**Provided records**:
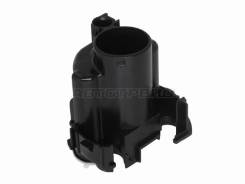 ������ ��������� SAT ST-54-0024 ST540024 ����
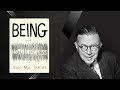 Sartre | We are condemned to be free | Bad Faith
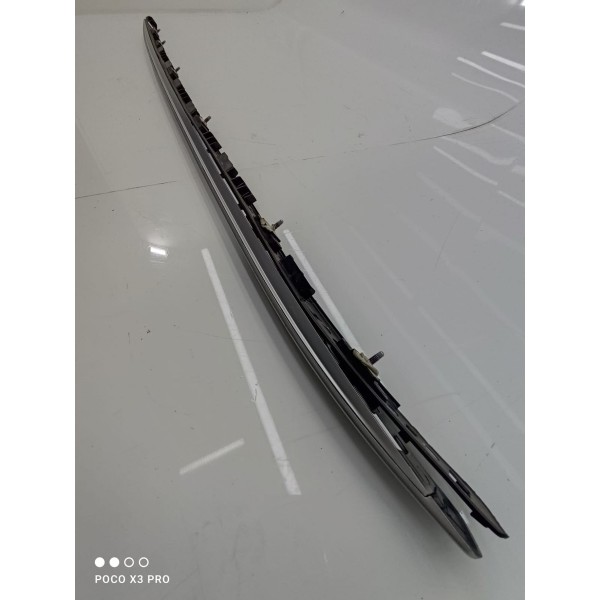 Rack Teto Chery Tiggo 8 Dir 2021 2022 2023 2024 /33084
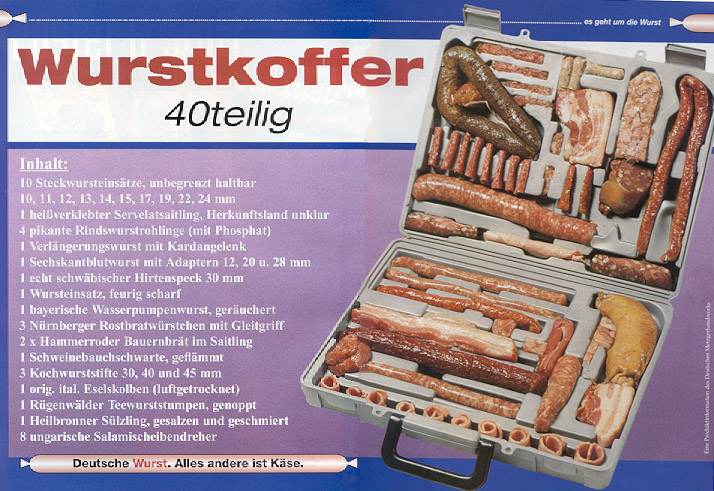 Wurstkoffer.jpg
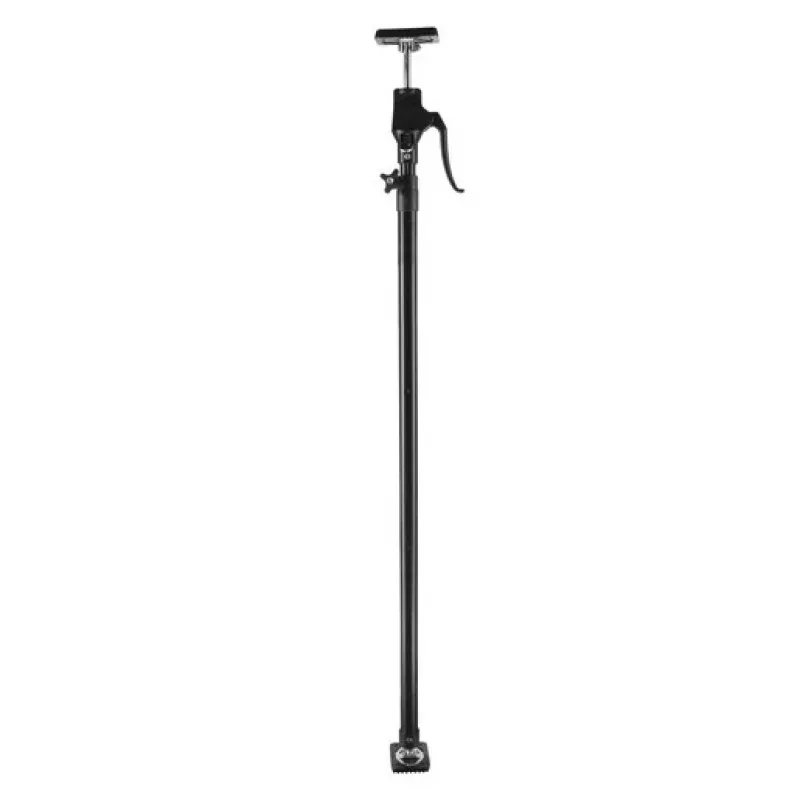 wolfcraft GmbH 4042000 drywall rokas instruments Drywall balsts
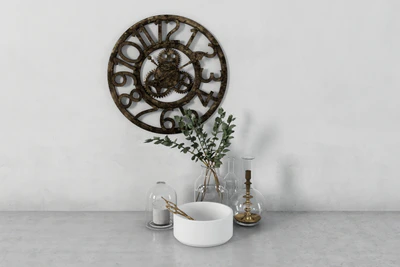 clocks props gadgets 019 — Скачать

**Exercise objective**: Write out the whole listing exactly, with no pictures.

**Expected answer**:
 ������ ��������� SAT ST-54-0024 ST540024 ����
 Sartre | We are condemned to be free | Bad Faith
 Rack Teto Chery Tiggo 8 Dir 2021 2022 2023 2024 /33084
 Wurstkoffer.jpg
 wolfcraft GmbH 4042000 drywall rokas instruments Drywall balsts
 clocks props gadgets 019 — Скачать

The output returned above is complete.